4. COVENANTS. The Aspect Employees shall reasonably cooperate in
the preparation and delivery to Frontier and its counsel of tax certificates or
similar documents that may be necessary or appropriate in connection with the
preparation of tax opinions or other items regarding the tax matters
associated with this Agreement and the transactions contemplated by the
Acquisition Agreement. Each of the Aspect Employees covenants and agrees that
he shall use his reasonable best efforts to take all actions, and shall not
fail to take any actions, which are necessary or appropriate to cause the
transfers contemplated hereby and by the Acquisition Agreement to constitute
tax-free exchanges under Section 351 of the Internal Revenue of Code of 1986,
as amended.
5. GOVERNING LAW. This Agreement shall in all respects be governed by,
and construed in accordance with, the laws of the State of Texas (without
regard to its conflicts of law doctrines).
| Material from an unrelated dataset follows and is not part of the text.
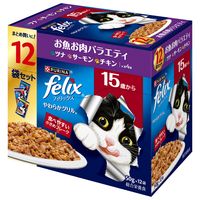 フィリックス 猫 やわらかグリル 15歳から お魚お肉バラエティパック（12袋入）3個 キャットフード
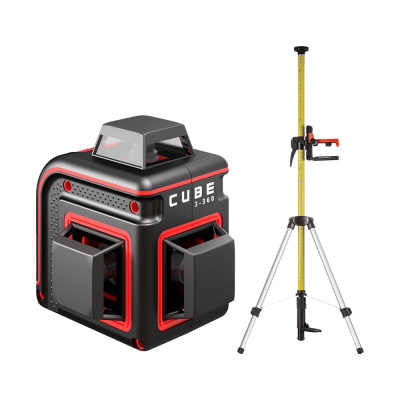 Комплект ADA CUBE 3-360 SPECIAL EDITION А00617 включает в себя лазерный уровень и штатив-штангу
6. ENTIRE AGREEMENT. This Agreement embodies the entire agreement and
understanding of the parties hereto, and supersedes all prior agreements or
understandings (whether written or oral), with respect to the subject matter
hereof. There are no restrictions, promises, representations, warranties,
covenants or undertakings, other than those expressly set forth or referred
to herein.
7. AMENDMENT. This Agreement may be amended, modified or supplemented
only by the written agreement of the parties hereto.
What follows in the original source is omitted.